To make matters even more confusing, Dr Klink went on to say that, had he been in Dr Webberley’s position, he would have sought to manage Patient A’s distress via psychological intervention rather than hormones. This kind of testimony fails to acknowledge the very real experiences of trans youth like Patient A, whose poor mental health was aggravated by the failure of institutions like CAMHS and the GIC to recognise his needs. 

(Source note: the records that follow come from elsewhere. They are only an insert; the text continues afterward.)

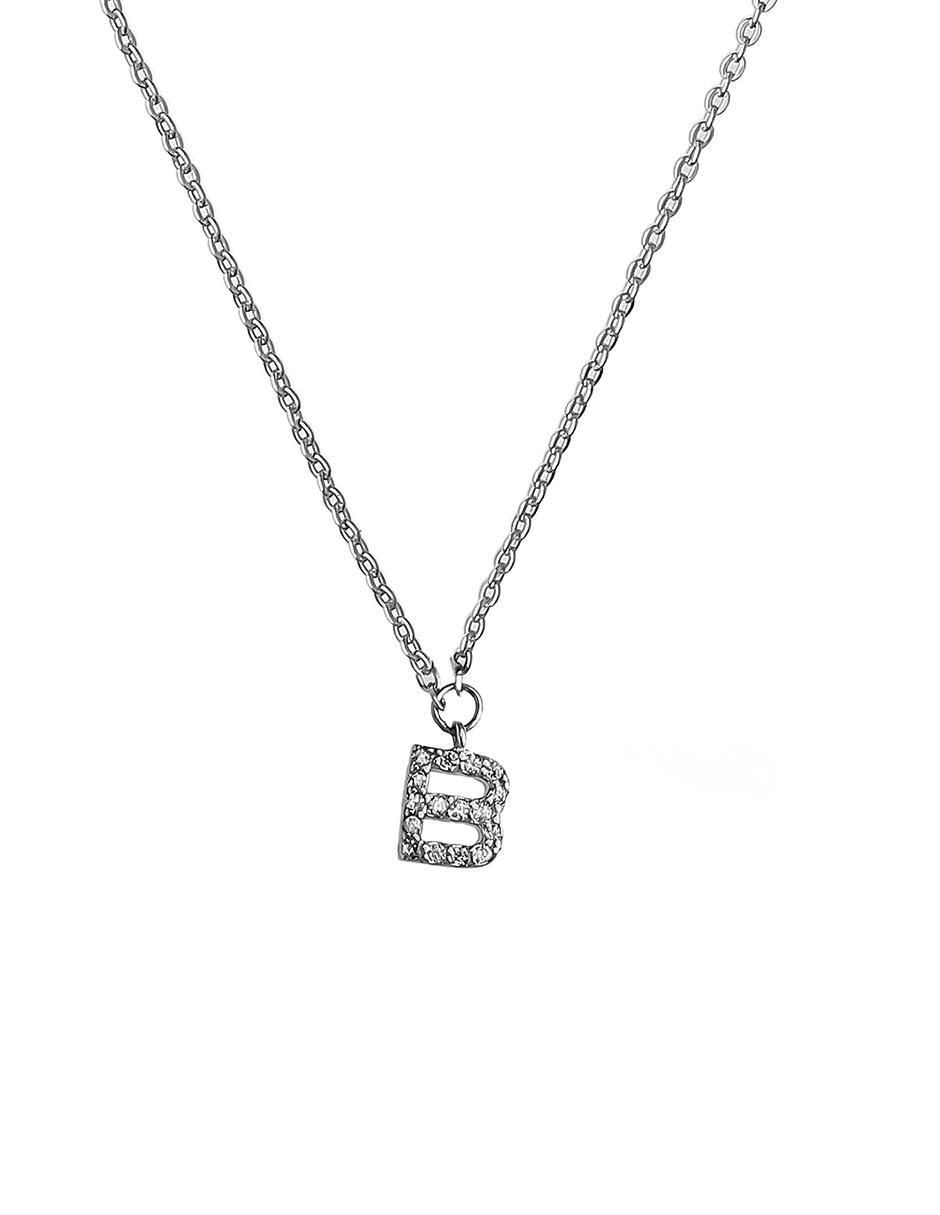 Collar letra b de plata P 925 Collar letra b de plata P 925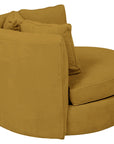 View Fabric Mustard | Camden Cuddle Chair | Valley Ridge Furniture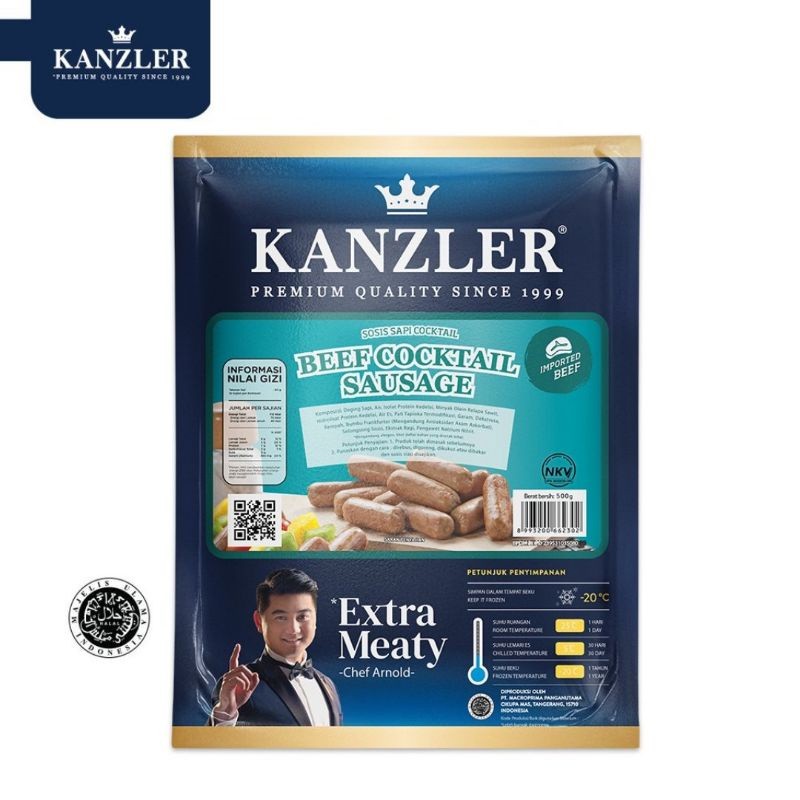 

Kanzler Sosis Beef Cocktail 500 Gr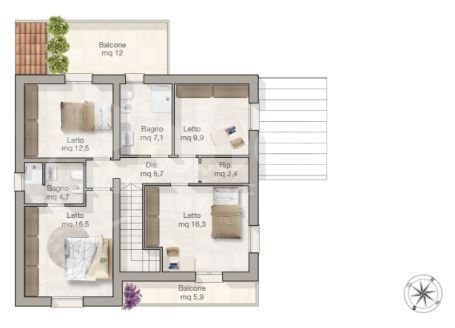 Villa - Planimetry 3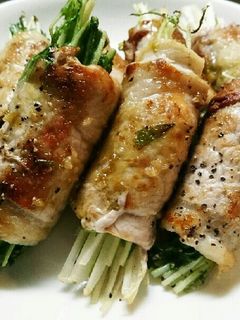 水菜の豚肉巻き-レシピのメイン写真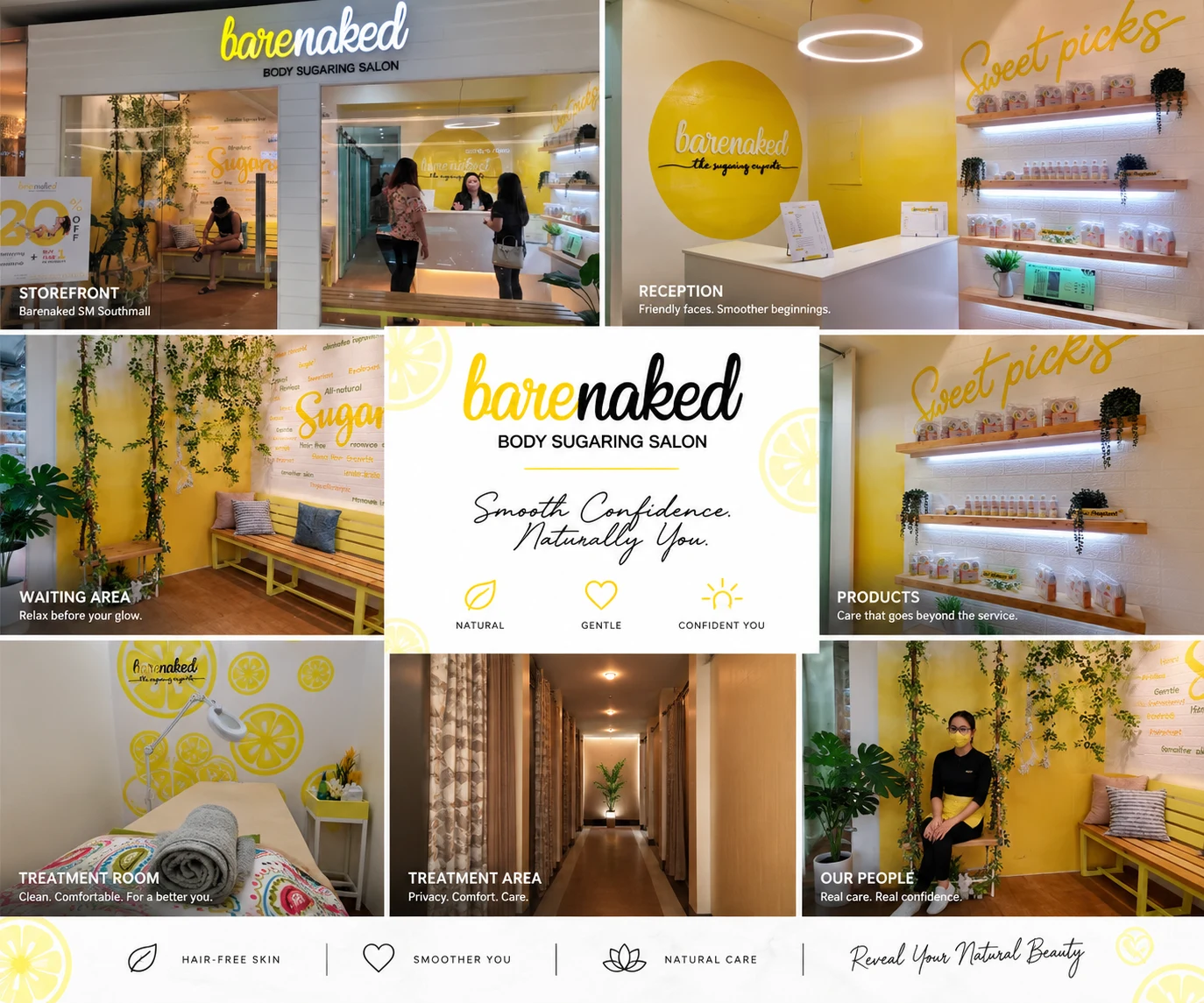 Barenaked Body Sugaring Salon — SM Southmall — Management-supplied location collage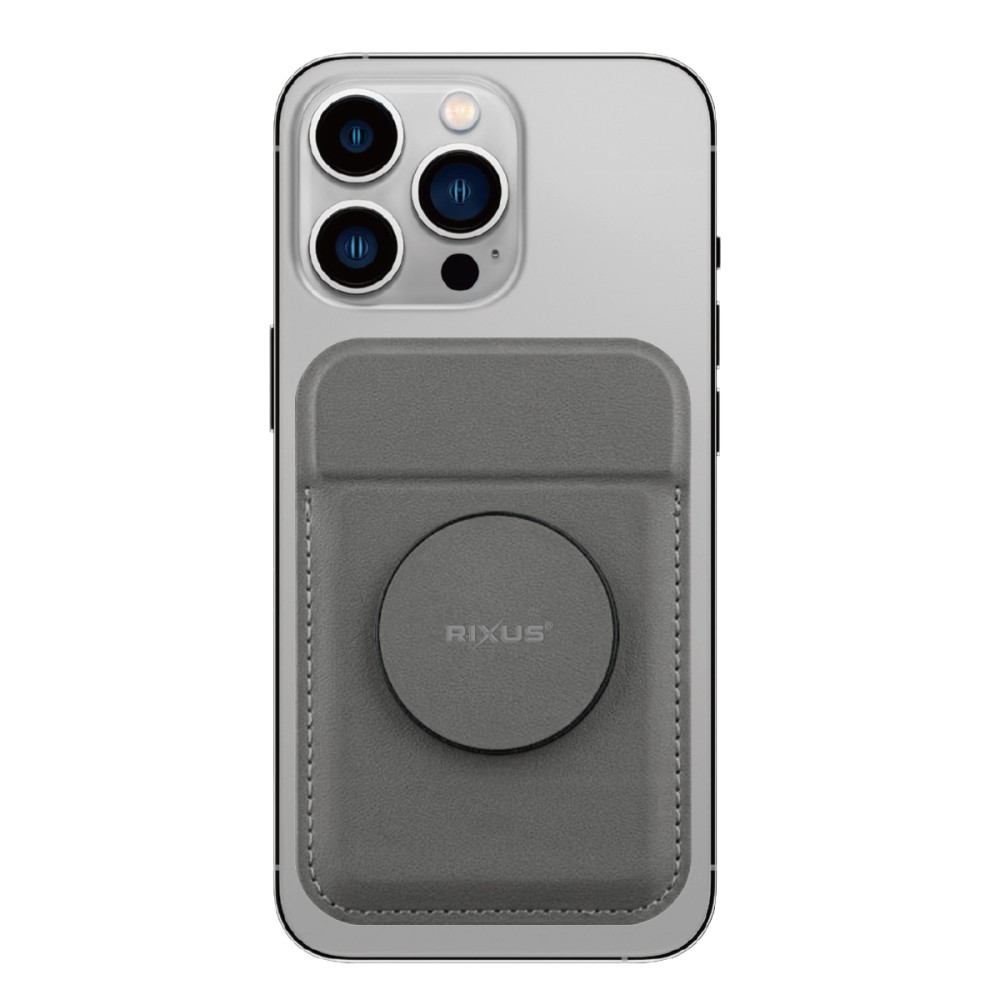 Rixus RXCH20G Card Holder With MagSafe Gray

Nor does it acknowledge the demonstrable connection between access to gender-affirming care and positive mental health outcomes for trans youth. The kind of approach Dr Klink was advocating for with Patient A puts up barriers to medical care for vulnerable young people.  A strange position for Dr Klink to endorse, given his own testimony that there are no serious medical concerns caused by the use of gender-affirming hormones in adolescents.

 

 

Dr Klink is aware of the problems facing trans and non-binary people – especially children and adolescents – in the UK. He said so himself. And so it is a little baffling, both to us and to the community following the trial online, when he seems to support the same approaches and models of care that caused those problems. He seems to agree that there is a need for flexible, individual-centred provision of gender-affirming care. He even said in his closing remarks that he hopes this hearing will bring about a conversation around the lowering of the age for hormone intervention. Of course, we would welcome such a conversation. But it won’t happen while people like Dr Webberley are threatened with the loss of their careers for trying to effect change, or while people like Dr Klink continue to support the systems that keep change from happening.